Exercise description:
Using the records below, give again exactly the lines from the line that contains "CoolSculpting fat freezing" through the line that contains "pneumonia caused by", both ends included, and only those.

Input records:
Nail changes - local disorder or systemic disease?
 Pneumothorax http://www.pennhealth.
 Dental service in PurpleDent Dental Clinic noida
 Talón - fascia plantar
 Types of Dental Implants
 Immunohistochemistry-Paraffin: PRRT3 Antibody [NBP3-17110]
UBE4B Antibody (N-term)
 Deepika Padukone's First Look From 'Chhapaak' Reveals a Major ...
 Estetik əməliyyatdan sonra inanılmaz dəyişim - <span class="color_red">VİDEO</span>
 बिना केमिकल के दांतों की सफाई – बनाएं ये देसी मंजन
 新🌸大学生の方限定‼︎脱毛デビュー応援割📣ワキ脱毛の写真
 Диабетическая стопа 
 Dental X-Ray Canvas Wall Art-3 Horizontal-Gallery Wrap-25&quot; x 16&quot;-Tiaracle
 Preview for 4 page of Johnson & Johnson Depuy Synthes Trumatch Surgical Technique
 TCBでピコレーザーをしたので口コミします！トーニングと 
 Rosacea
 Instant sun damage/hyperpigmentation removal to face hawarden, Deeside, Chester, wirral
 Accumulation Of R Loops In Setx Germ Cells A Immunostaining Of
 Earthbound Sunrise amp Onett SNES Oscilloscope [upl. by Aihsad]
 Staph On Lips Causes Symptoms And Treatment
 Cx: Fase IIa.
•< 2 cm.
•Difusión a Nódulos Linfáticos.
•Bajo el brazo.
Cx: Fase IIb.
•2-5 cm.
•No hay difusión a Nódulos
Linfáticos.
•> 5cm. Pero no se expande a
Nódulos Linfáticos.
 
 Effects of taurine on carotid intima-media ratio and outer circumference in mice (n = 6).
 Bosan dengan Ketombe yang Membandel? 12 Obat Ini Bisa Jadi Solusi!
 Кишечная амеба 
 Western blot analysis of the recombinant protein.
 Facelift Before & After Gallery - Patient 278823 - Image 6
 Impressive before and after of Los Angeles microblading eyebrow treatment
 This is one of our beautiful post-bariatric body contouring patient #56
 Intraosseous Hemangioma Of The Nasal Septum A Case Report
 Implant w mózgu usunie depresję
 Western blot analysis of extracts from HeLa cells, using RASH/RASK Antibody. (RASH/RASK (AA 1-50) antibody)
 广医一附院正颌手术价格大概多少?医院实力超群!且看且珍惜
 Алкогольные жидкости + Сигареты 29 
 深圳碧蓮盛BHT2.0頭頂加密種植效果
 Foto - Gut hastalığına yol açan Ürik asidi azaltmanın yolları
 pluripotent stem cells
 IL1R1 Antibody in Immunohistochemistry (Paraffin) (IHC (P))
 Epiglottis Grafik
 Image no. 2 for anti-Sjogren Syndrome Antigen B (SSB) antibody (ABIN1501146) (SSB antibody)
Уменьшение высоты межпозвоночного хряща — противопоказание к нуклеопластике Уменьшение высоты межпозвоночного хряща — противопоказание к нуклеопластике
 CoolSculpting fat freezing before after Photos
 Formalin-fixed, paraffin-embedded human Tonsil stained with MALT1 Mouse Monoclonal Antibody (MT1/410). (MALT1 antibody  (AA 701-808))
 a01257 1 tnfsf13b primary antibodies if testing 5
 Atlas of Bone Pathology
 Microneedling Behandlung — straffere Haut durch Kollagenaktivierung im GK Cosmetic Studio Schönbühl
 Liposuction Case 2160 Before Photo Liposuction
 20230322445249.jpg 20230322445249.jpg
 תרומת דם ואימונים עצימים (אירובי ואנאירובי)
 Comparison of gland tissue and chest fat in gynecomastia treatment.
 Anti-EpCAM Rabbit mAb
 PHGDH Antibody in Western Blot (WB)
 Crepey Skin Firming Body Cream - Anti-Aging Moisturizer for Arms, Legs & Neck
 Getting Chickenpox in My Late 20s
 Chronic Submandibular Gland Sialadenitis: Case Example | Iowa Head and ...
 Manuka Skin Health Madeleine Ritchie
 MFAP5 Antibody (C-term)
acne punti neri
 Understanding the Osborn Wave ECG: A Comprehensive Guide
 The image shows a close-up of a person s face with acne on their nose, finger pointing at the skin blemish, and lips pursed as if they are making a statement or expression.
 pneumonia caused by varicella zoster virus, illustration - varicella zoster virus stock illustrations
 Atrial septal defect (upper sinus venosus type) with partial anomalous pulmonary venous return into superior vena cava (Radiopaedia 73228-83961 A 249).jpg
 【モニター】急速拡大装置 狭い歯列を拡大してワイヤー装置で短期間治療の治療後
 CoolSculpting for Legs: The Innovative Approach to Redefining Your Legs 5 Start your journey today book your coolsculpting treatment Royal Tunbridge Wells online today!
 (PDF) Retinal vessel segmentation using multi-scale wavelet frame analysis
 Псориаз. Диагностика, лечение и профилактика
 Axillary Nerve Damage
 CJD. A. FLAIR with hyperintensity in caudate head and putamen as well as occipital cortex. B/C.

Reply:
 CoolSculpting fat freezing before after Photos
 Formalin-fixed, paraffin-embedded human Tonsil stained with MALT1 Mouse Monoclonal Antibody (MT1/410). (MALT1 antibody  (AA 701-808))
 a01257 1 tnfsf13b primary antibodies if testing 5
 Atlas of Bone Pathology
 Microneedling Behandlung — straffere Haut durch Kollagenaktivierung im GK Cosmetic Studio Schönbühl
 Liposuction Case 2160 Before Photo Liposuction
 20230322445249.jpg 20230322445249.jpg
 תרומת דם ואימונים עצימים (אירובי ואנאירובי)
 Comparison of gland tissue and chest fat in gynecomastia treatment.
 Anti-EpCAM Rabbit mAb
 PHGDH Antibody in Western Blot (WB)
 Crepey Skin Firming Body Cream - Anti-Aging Moisturizer for Arms, Legs & Neck
 Getting Chickenpox in My Late 20s
 Chronic Submandibular Gland Sialadenitis: Case Example | Iowa Head and ...
 Manuka Skin Health Madeleine Ritchie
 MFAP5 Antibody (C-term)
acne punti neri
 Understanding the Osborn Wave ECG: A Comprehensive Guide
 The image shows a close-up of a person s face with acne on their nose, finger pointing at the skin blemish, and lips pursed as if they are making a statement or expression.
 pneumonia caused by varicella zoster virus, illustration - varicella zoster virus stock illustrations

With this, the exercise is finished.